Crawled caption data:

[Start of section]

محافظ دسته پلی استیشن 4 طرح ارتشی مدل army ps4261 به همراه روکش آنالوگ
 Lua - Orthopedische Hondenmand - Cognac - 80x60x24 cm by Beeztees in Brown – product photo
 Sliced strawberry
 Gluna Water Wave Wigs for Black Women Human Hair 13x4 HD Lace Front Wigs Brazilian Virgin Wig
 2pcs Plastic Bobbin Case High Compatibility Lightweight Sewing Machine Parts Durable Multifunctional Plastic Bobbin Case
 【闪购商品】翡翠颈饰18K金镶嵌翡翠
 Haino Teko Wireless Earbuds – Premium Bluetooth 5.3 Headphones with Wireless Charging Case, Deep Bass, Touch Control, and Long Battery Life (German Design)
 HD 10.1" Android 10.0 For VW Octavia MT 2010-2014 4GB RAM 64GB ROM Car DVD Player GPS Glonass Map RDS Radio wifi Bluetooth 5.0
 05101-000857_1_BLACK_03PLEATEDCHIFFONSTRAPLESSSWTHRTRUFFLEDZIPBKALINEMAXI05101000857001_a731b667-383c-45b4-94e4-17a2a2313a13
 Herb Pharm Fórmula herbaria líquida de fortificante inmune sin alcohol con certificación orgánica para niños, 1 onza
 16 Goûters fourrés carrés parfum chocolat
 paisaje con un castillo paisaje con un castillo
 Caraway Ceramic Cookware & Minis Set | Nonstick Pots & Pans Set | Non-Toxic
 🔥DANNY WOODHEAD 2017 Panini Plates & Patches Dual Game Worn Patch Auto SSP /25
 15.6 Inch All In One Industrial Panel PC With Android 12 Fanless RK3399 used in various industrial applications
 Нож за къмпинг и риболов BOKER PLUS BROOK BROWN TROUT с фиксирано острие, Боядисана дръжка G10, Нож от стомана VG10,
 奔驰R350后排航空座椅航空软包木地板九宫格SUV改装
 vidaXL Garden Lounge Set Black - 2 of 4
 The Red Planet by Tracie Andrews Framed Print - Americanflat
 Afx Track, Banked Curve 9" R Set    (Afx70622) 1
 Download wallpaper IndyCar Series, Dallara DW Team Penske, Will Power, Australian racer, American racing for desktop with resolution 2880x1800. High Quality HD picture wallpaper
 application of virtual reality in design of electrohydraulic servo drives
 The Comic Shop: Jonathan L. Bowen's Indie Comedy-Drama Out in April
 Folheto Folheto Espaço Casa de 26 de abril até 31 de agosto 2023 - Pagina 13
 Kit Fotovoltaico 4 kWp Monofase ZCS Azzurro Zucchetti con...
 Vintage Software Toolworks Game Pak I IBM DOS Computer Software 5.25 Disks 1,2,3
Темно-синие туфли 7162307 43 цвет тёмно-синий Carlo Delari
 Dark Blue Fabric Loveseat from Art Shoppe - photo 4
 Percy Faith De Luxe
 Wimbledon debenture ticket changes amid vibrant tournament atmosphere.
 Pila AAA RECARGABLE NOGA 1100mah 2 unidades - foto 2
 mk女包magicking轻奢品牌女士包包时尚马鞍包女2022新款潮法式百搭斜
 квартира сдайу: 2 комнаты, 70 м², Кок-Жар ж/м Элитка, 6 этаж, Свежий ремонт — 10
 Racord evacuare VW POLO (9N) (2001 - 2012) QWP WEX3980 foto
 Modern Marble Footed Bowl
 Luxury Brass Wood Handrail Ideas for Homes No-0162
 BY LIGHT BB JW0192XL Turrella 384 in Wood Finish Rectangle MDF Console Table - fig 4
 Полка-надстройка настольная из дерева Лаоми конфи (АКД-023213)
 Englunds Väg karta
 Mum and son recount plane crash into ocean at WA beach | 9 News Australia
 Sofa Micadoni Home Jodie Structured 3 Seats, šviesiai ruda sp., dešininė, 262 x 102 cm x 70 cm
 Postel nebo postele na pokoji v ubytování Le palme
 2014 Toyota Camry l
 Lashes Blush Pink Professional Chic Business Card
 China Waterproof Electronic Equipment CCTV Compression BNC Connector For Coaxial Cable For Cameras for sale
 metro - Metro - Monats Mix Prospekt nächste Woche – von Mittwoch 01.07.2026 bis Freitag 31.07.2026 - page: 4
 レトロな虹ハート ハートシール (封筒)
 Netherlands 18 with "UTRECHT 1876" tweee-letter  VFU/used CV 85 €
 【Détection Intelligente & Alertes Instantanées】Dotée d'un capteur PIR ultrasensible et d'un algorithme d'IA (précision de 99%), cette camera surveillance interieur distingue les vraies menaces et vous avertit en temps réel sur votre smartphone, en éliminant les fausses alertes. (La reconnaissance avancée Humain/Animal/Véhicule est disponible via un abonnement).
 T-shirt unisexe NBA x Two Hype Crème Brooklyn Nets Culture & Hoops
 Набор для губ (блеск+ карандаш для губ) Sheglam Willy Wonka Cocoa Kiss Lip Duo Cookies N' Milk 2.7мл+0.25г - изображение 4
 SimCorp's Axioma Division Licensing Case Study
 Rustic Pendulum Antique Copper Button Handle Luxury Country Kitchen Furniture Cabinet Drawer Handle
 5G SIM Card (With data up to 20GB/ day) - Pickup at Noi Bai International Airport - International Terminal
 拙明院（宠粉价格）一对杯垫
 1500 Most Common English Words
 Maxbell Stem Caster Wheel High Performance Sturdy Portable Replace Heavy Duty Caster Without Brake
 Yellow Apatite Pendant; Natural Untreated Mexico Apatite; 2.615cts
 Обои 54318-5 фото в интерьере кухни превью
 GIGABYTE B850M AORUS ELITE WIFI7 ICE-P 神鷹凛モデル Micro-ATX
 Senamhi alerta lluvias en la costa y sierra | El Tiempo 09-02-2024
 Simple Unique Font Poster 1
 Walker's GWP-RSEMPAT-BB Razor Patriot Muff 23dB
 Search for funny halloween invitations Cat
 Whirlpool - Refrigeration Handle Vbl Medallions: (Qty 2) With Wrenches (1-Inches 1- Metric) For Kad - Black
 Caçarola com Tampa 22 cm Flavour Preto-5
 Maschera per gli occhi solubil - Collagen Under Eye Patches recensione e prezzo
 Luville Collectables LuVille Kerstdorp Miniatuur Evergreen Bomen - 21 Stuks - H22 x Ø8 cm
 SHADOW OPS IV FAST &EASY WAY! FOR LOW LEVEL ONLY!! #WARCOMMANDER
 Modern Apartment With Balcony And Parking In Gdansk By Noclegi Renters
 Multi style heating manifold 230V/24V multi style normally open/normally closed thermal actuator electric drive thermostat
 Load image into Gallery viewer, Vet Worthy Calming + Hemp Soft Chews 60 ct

[End of section]

The task — Look through the records and gather every line containing "Card".

Solution to this exercise —
 Lashes Blush Pink Professional Chic Business Card
 5G SIM Card (With data up to 20GB/ day) - Pickup at Noi Bai International Airport - International Terminal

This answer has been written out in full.